Colds and flu impact the workplace, school, and the economy

(RxWiki News) Deadlines looming often prompt employees to go to work even if they have a cold infection. Now, there are usually options to stay home with your child and work remotely.

A recently released study review, including more than 80 published clinical trials finds the costs associated with the spread of flu and colds is in the billions of dollars and recommends preventative measures should be put in place.

"Stay home if you or your child has the flu or a cold."

Laurence Ligon, MD, a board-certified family practitioner in Austin, TX recommends, "Both children and adults on the mend from cold and flu infections should stay home until their symptoms subside."

The researchers encourage readers to realize that prevention can play a major role in minimizing the spread of cold and flu. They also want people to realize that both adults and children play a substantial role in the spread of influenza and colds. The United States Center for Disease Control and Prevention estimates that children with colds have missed school days that amounts to $22 million a year in losses.

A research agency responsible for tracking flu and colds in northern America reports there is usually a dramatic increase in infections around the first two weeks that children return to school. The Queen's research results supports this and adds there is also a spike in pediatric asthma cases as a result of rhinovirus infection. A rhinovirus infection leads to colds also.

The researchers also report that very young children with cold-like symptoms play a major role in spreading the infection. Children in school are three times more likely to infect their family and friends than adult co-workers.

Adults can also play a major role in spreading the cold and flu. Queen's researchers study review indicates that workers with a cold or flu are more likely to go to work versus calling in sick. This leads to dramatic losses in productivity and spiraling costs. According to a survey conducted in the United States, 83 percent of those interviewed admit to going to work with flu-like symptoms.

Employers are much more negatively impacted by workers who continue to work during a cold than by those who stay home until well. The economic costs cited by the researchers is impressive: $25 billion loss in productivity in the US. When indirect costs, physician visits and drugs were taken into account, the cost is an even more impressive $40 billion.

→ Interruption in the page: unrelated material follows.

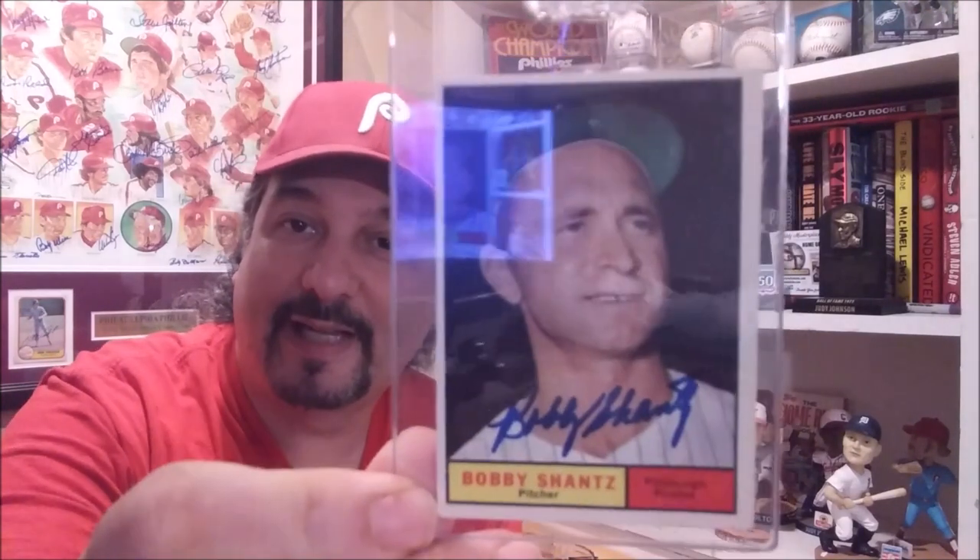They asked who was the toughest batter he ever faced and it was Mickey Mantle — and he ended up joining Mickey Mantle later on. He pitched in the 1960 World Series and was on the mound in game seven when Mazeroski hit the game-winning homer — well, that pitcher was actually Ralph Terry, but Shantz did pitch four shutout innings in that game.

Other data derived from this study review include:

  • More than $300 million annually is spent by Canadians for over-the-counter flu and cold remedies.
  • As many as 20 percent of Canadians completely ignore any symptoms.
  • Sore throats, flu or cold are experienced in 33 percent of the adult population in Canada every month. This is more common in men.
  • Self-treatment at the first sign of a cold or flu is utilized by 66 percent of adults in Canada.
  • Women are more likely to seek treatment and self-medicate than men.

Study results are considered preliminary until published in a peer-reviewed medical journal.